Meson: Feature Request: Add NVCC CUDA Compiler

Created on 8 Nov 2016  路  29Comments  路  Source: mesonbuild/meson

Currently, nvcc can approximately be used using either custom_target() or generator()s (see #315).

It would be nice if NVCC were upgraded to the status of a full compiler with id 'nvcc', language 'cuda' and file extentions cu, ptx on top of the usual C/C++ extensions.

NVCC these days is a tool that separates CPU and GPU code, then compiles the former with a host C/C++ compiler and the latter with an internal, proprietary compiler. The GPU binary is finally embedded within the host binary.

compilers enhancement

Most helpful comment

I noticed this and filed NVIDIA internal enhancement request 1900600 to track it.

All 29 comments

I think we'd be happy to have NVCC support in Meson. Would you be willing to work on this? It's not very difficult to add support for a new programming language in Meson and we've had people who are totally new to the codebase jump in and do so. You can start at mesonbuild/compilers.py; the base classes Compiler and CCompiler would be good places.

@nirbheek There's the beginnings of some work here. Unfortunately this is looking harder than I'd expected, since:

  • There's a ton of methods to implement, almost none of which are doc'ed and some of which might have to return different things depending on the underlying host compiler nvcc selects.
  • nvcc doesn't implement good Makefile depfile generation. A fuller explanation is in the source, but basically NVCC insists on doing depfile generation and compilation in two steps, doesn't support -MMD, -MQ or -MF but does support the inferior -MT, and there seems to be no easy way to square this with Ninja's needs (e.g. not possible to run two command for one rule, and nvcc prints its dependencies lists to stdout and not to a file).
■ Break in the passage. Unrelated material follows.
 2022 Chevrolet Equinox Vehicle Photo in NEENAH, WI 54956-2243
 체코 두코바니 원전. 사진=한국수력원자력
At any rate the hack I've got up there actually manages to compile CUDA code for my current needs but is nowhere close to ready for primetime. It supports:

  • The language 'cuda', by finding nvcc and extracting its .version()
  • cuda_args: ...
  • Compiling .cu files and linking them.

Anyways there are quite a few more random places than just mesonbuild/compilers.py I've had to touch already and I've no idea if there are more. I also frequently see quite repetitive code of the sort if langname_foo: langname_bar[] elif: langname2: langname2_bar[]; That stuff could in general be automated by computing the names from the language name, or perhaps factoring that into a class hierarchy.

@nirbheek Can I get some guidance on what to do next...?

Apologies, I've been busy working on the 0.36 release. There might be more places where you need to change things to have it work. My advice is to see the existing test cases for C-based support etc and try to see how it translates to use-cases in CUDA and write tests for those. This is a better approach (IMO) than implementing all the compiler methods from the get-go.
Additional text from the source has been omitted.